Thank you for nominating me for article of the month.

## Introduction

*This is the first in a series of articles I hope to write about parallelism and distribution of computationally intensive applications. *

In this article, I present a number of techniques available to .NET developers for parallelising Monte Carlo routines on a single machine. We learn that whilst TPL has its benefits, it is also difficult to write efficient routines that outperform Threadpooling and mixed C#/C++ implementations.

## Background

Briefly, a Monte Carlo routine is any iterative routine that uses random number generation in order to calculate a result whose estimated accuracy increases per iteration. On top of that, because each iterative result is independent, we can disperse the computation to any number of locations and then aggregate our results later on.

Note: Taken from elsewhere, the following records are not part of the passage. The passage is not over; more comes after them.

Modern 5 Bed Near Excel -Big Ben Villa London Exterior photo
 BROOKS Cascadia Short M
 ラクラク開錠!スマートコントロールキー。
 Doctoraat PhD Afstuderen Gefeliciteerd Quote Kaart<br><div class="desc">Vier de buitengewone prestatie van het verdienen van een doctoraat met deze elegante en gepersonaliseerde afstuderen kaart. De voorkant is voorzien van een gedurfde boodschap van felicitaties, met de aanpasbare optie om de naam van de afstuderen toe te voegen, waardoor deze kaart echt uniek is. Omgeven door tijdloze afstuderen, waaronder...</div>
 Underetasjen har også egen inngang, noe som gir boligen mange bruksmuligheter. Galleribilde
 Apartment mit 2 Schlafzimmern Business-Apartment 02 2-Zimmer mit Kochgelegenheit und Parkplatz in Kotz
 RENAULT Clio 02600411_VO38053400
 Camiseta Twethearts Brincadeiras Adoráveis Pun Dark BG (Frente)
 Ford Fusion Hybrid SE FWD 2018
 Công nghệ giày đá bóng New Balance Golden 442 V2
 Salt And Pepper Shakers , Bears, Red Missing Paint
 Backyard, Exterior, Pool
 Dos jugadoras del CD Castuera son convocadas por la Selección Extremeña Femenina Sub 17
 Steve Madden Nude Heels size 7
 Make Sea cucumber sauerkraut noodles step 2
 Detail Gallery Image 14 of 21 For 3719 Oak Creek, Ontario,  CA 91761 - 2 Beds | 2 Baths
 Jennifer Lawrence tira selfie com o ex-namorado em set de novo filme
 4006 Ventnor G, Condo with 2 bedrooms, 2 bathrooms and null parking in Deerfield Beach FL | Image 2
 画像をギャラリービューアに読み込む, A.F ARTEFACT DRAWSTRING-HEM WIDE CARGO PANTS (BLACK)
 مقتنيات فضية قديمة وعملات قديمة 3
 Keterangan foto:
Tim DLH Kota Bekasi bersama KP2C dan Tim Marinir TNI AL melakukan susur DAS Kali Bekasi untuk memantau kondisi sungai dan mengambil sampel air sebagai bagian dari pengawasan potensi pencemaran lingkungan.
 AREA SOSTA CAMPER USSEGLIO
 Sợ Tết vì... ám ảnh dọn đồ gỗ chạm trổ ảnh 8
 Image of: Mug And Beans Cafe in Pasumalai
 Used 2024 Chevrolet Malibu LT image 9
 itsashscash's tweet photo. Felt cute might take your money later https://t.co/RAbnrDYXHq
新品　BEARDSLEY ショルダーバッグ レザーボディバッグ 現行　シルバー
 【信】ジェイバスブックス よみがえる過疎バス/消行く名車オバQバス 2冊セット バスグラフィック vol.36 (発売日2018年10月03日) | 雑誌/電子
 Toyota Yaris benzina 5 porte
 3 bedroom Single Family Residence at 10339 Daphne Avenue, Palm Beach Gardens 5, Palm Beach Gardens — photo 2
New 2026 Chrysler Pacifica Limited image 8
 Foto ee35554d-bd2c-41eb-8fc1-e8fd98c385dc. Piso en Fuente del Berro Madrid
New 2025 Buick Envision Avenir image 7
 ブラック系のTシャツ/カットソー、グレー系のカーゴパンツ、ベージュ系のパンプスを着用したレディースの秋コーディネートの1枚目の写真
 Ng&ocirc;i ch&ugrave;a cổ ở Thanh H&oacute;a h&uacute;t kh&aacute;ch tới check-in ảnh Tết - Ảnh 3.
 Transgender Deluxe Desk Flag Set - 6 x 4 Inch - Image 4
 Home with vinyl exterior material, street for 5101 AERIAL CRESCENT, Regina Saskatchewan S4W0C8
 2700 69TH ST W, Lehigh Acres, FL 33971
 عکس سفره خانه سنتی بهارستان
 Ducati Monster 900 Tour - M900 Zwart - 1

Confused? Then go here for a decent description.

For the purposes of this article, I've used the version of this algorithm presented in Numerical Recipes in C by Press, Flannery, Teukolsky and Vetterling pages 239-240. Where the routine is designed to find the weight and centre of mass of a section of torus with varying density. In plain English: we're chopping up a lumpy doughnut and finding the centre of mass of single chunk.

## Using the Code

The attached solution should compile and run within Visual Studio Express for Windows Desktop 2012 which you should build in Release mode. It includes 4 projects:

`Montecarlo `

- containing just .NET code `ComponentWin32 `

- a native C++ DLL with static exports `ComponentCLR `

- a C++/CLR assembly that can be referenced by any other .NET assembly `CppConsole `

- a simple runner for the native Monte Carlo implementation

## Points of Interest

There are several techniques demonstrated, which I've developed and tested on my 4 core desktop machine:

- Pure C# on a single thread which we shall use as our benchmark for accuracy
- Native C++ on a single thread as our benchmark for speed
- A mixed C#/C++ version to demonstrate one method of integration
- Single threaded PInvoke version where we create an unmanaged object and call methods on it
- A
`Threadpool`

version where the work is split up, executed by pooled threads and aggregated afterwards - TPL
`Parallel.For `

methods where we improve the performance and accuracy of the result with each evolution - Threadpooled and Tasked PInvoke where we attempt to use the fastest execution method with .NET parallelisation.

### Single Threaded C#

Starting off with a single threaded approach in C#, we can rapidly implement our basic routine and use it to validate the results of any consequent evolution.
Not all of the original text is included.